MASON CJ:  I would have thought it is a long time since this

Court has acknowledged that an amount of money is

sufficient to ground a special leave application in

a contract case in the absence of the question of

construction giving rise to some matter of general

principle.

MR MASON:  That may be the situation where there is a single

claim and it may still be the case where there are

an aggregate of claims giving rise to a lot of

money but, in my submission, it is a factor. I do
not put it any higher than that. Where the impact

is to cause consolidated revenue to bear the

burden, it is an impact which affects the public

generally and not a single member of the public.

Lotteries 9/8/93

This, of course, all depends upon the Court being

satisfied there is an arguable case for error. But
making that assumption, then it is, in my
submission, a factor that the Court should have
regard to in the exercise of its discretion.

There is a perception, in my submission, of

unfairness at the suit of those people who would

have discarded tickets at what we submit was a

surprising result of the majority of the Court of

Appeal. There would be, of course, a perceived

unfairness if there were legislation which removed the rights which legislation, on the assumption we

are asking the Court to make, would be unnecessary
because it would be to shore up an error of the

Court of Appeal.

MASON CJ: Just so that it does not go unnoted,

Mr Solicitor, I would not have thought that the

result was surprising. It may have been surprising

to people who had a particular view of this, having

regard to past history, but I must say for my part
the interpretation given to the words by the

majority in the Court of Appeal does not strike me

as surprising.

MR MASON:  Yes. The Court of Appeal divided, two of them

saying they were firmly of the view that the

ambiguity was to be resolved one way, and the

other, the other, and, of course, that is not

unknown. But we would submit that it is possible

to identify two errors of principle in the

reasoning process of the President which led to the

result and which can, therefore, justify the

description "surprising".

The ticket, which Your Honours have in front

of you, would represent, in our submission, a
single contract formed at the time of purchase of

the ticket and before anybody started to scratch

off the latex. The middle game, referred to as
"Game Nol" speaks of matching three amounts and
winning. Now, in that context, "match 3 amounts",

where it is "amount", the figure is revealed by

scratching off the box, must mean three of a kind.

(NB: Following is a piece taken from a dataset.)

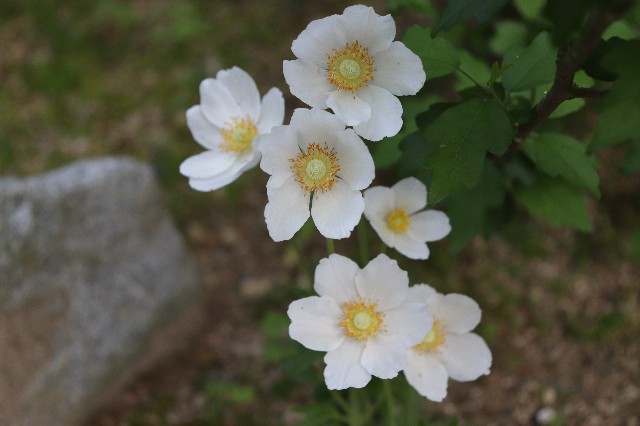 f:id:snow36:20200511192237j:image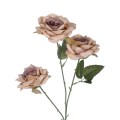 GloboStar® Artificial Garden OLD PINK CLIMBING ROSE BRANCH 21190 Τεχνητό Διακοσμητικό Κλαδί Τριαντάφυλλο Ξεθωριασμένο Ροζ Y66cm GloboStar® Artificial Garden OLD PINK CLIMBING ROSE BRANCH 21190 Τεχνητό Διακοσμητικό Κλαδί Τριαντάφυλλο Ξεθωριασμένο Ροζ Y66cm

Now, in our submission, the President erred when he failed to have any proper regard to the principle

of harmonious construction when he treated, in

effect, each of the three games and their attendant

instructions, as separate contracts.

Now, we submit that that is an error which

Mr Justice Meagher at pages 37 and 38 detected and

led him, clearly, to resolve what the President, at

least, conceded to be an ambiguity in the way he

did.

Lotteries 4 9/8/93

Secondly, we submit there are two errors in the application of the principle contra

proferentem. The President dealt with this at

page 20 of the application book and he referred to

a rule of general construction; not as such the

contra proferentem rule but a principle that says

that a party that has control over the terms and

adding:

conditions of a fixed contract, in effect, bears case,
the burden of ambiguity if it is to be applied

against it. At the very bottom of page 20,

at least where the contract is one in the form

of a public lottery -

His Honour referred to these principles in the

course of stating five sets of contractual relevant
principles of contract law and what His Honour did

not do and where he fell into error, in our

submission, was not treating contra proferentem as

a rule of last resort. He treated it as a matter

to be put into the mix and, as it were, stirred

around, that where there was an ambiguity, one had

regard to this.

We submit that if the contract yields to an alternative construction, particularly if we are

right on the harmonious approach, then it was wrong

and a matter of some importance to find that one

can treat contra proferentem as a general, as it

were, upfront canon of construction.

The second matter which His Honour did not

advert to, and this was not raised but neither was

there any, it appears, general discussion in

submissions about the principles of interpretation,

is the principle that contra proferentem does not

apply against the Crown. Can I give the Court a

recent English case which discusses some earlier

authorities on that, and the extracts from Halsbury

which are referred to there? There is a suggestion in the case, as there is in Halsbury, that principle of construction of

grants ought not to apply to grants for valuable consideration, but the authority which I gave to

Your Honours involved a Crown grant for
consideration and a simple question of construction
of that Crown grant.

Where the impact of an adverse construction is

not to affect the private rights of a party but,

particularly, as in a case such as this, where

there will be money taken from consolidated revenue

greatly in excess of what is achieved from

collecting the lottery contributions, then

Lotteries 9/8/93

His Honour was in error in not adverting to this

canon of construction, particular since he - - -

McHUGH J: But this is far removed from cases of grants, is

it not? This is a commercial operation.

MR MASON:  The English case and the discussion in Halsbury

states it as a principle of construction.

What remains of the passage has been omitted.